The next day the buzz was that a deal was imminent — but there was a holdup.

That delay was Harold Lewis, Scott’s agent who was raised in Spring Valley. Lewis was also negotiating hard that day to get another client, Jason Brown, who ultimately signed with the Rams. Those two deals alone were worth $95 million.

(By the way, Bart would’ve taken $7 million a year, but got $8M.)

But if you think he’s strictly in it for the money, consider this: Lewis, a coffee-cup baseball player in the minors, negotiated on behalf of players for the first three years without taking a commission. Now he has 45 active NFL players.

For an agent on draft week, there are phone calls to general managers and trips to visit rookies. It’s hand-holding and listening, and Lewis said he likes to tell players to relax: their work is about to pay off and there are plenty of people who would love to be in their shoes.

“It’s almost the equivalent of running a marathon and I’ve got two miles to go,” Lewis said. “You’ve just got to run harder, work harder. Make sure there isn’t one team who doesn’t know everything about every one of your players.”

When he calls teams, it’s often to discuss a strike against a player. It’s something that GMs appreciate and take with a grain of salt.

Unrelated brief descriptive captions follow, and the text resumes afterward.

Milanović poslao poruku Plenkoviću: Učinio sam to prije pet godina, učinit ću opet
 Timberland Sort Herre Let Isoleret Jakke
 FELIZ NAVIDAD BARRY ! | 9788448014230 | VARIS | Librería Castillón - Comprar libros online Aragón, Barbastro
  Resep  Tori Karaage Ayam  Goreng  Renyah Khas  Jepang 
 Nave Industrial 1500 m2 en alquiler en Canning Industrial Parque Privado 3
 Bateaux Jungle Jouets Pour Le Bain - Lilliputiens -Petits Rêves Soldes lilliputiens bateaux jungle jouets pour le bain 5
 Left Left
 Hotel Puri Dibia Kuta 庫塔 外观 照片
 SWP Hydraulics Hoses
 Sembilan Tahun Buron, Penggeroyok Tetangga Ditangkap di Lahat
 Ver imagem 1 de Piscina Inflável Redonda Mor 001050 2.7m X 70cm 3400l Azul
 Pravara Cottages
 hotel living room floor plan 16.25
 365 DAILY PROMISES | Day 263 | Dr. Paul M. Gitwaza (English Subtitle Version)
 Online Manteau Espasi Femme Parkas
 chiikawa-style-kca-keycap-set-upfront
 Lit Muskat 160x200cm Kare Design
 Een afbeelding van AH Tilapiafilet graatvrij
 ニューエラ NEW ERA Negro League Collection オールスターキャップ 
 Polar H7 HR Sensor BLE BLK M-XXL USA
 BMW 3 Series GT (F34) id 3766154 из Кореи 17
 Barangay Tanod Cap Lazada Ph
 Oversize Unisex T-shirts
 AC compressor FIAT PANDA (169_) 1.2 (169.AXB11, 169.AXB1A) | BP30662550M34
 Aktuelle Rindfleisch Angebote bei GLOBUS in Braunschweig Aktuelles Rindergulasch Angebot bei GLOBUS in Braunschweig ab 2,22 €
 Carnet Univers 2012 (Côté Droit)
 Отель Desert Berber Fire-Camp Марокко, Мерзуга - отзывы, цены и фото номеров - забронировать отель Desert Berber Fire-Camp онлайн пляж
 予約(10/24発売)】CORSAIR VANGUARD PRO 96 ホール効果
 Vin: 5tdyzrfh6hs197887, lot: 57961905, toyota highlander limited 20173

“I think sometimes they are calling to clarify,” Jets general manager Mike Tannenbaum said. ”If a player has a specific bump in the road they’ll maybe want to say, ‘Look, this was an isolated incident. There is a body of work that is more compelling than this one bump.’”

Scott, an undrafted free agent, switched to Lewis after several years in the league. He said you can’t measure an agent by what he gets for the first-round pick — that’s easy money — but it’s what he does for the journeyman.

On Friday, Scott was two lockers away from Mike Kracalik, a tackle originally signed by the Jets as an undrafted free agent in 2005, who was back for a tryout during the voluntary minicamp.

They don’t have a lot in common. Scott signed a six year deal worth $48 million, while Kracalik would be lucky to get a $300,000 deal for the season as a practice player. But they do share an agent in Lewis, and Kracalik said he feels Lewis works just as hard on his behalf as he does for a guy like Scott.

“Harold’s the kind of guy who keeps his word, he’s proven that to me time and time again to me,” Kracalik said. “He has nothing to gain from me, because the most I would make is $300,000, you get three percent of $300,000, when he has guys like Bart and Jason Brown who are making $10 million-plus. I think he just likes to fight for his guys.”

And that’s the way Lewis sees it. He now makes his home in St. Louis with his wife Jill (formerly Sirop), who was his high school sweetheart back at Ramapo.

“It’s a business that’s very sexy and very rewarding because of the money you make off of the contracts,” Lewis said. “But what’s really rewarding is the openings that you create because of all the extra work you did — you got a kid a job because you worked so hard.”

That’s what happened with Kracalik, who the Jets signed to the roster yesterday.